Although not tall for a key defender (185 cm) Malarkey was extremely strong and he showed an early propensity for close checking defence, revelling in tough man on man duels. He had excellent anticipation and good pace over the first 20 metres as well as being a strong mark and superb kick, often challenging the centre circle with his punts from the full back line. In his second full season (1973) Malarkey captured East Perth's fairest and best trophy and represented WA against South Australia. He was signed by Geelong but East Perth imposed a minimum service requirement of 100 league games before a clearance would be granted. He thus stayed for a further 3 years before finally crossing to the Cats in 1977.

==Geelong==
At Geelong, Gary Malarkey was an immediate and outstanding success in his customary full back position and represented Victoria. He was widely recognised as the finest full back in Australia over the following 10 seasons and was remarkably consistent in one of the toughest roles in Victorian football. In 1983, the Geelong and now AFL historian Col Hutchinson said of Malarkey in his book Cats Tales that he was "one of Geelong's most effective full backs and probably the strongest defender to ever represent the team. His great concentration, solid marking, effective spoiling tactics, courage, pace and superb kicking resulted in nightmares for opposing forwards. Few players have emulated his consistency."

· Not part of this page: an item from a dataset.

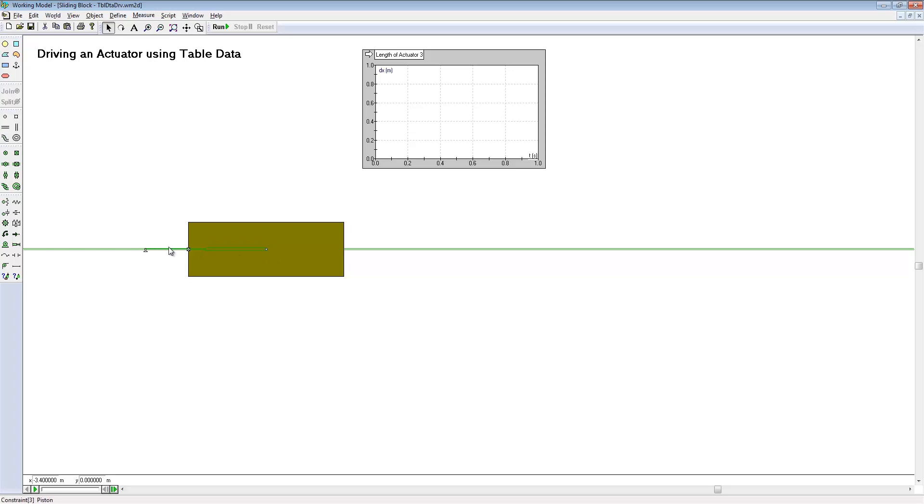We're going to drive the actuator using a displacement versus time profile. We've created a meter that will monitor the displacement of the actuator.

Gary Malarkey was a regular WA state of origin representative whilst at Geelong and gained all Australian selection after the 1979 State of Origin carnival. He was named in the VFL Team of the Year in 1983 and he was also runner up in Geelong's fairest and best award that season. When he decided, at this point, to return home to Perth to finish his career, Geelong. in a measure of their appreciation, granted him life membership despite his 143 games being 7 games short of the qualifying tally. Unfortunately no agreement could be reached with East Perth, or any other WAFL club and Malarkey returned to Geelong. He quickly forced his way back into the side but a shoulder reconstruction two years later brought an unfortunate end to a long and distinguished senior career. He had played 283 senior games but later had a final playing stint at the Geelong West club in the Victorian Football Association and he was the last coach of that club in 1988.

Gary wore the Cats famous number 5 guernsey previously worn by another legendary Western Australian, Graham "Polly" Farmer, but after Gary's premature retirement during the 1984 pre-season the number 5 had been allocated to Gary Ablett. After a reshuffle of numbers Malarkey was allocated the number 6 guernsey previously worn by Rod Waddell, which he wore until his retirement in 1986.

==After football==
Gary Malarkey later returned to WA and is now a distinguished member of the staff at the school that gave him his start in football – Trinity College. His students may well gain inspiration from the knowledge that years of perseverance, hard work and dedication by their master have been rewarded with well deserved induction into the WA Football Hall of Fame. Along with Karrene Mclernon, he runs the Indigenous program at Trinity College.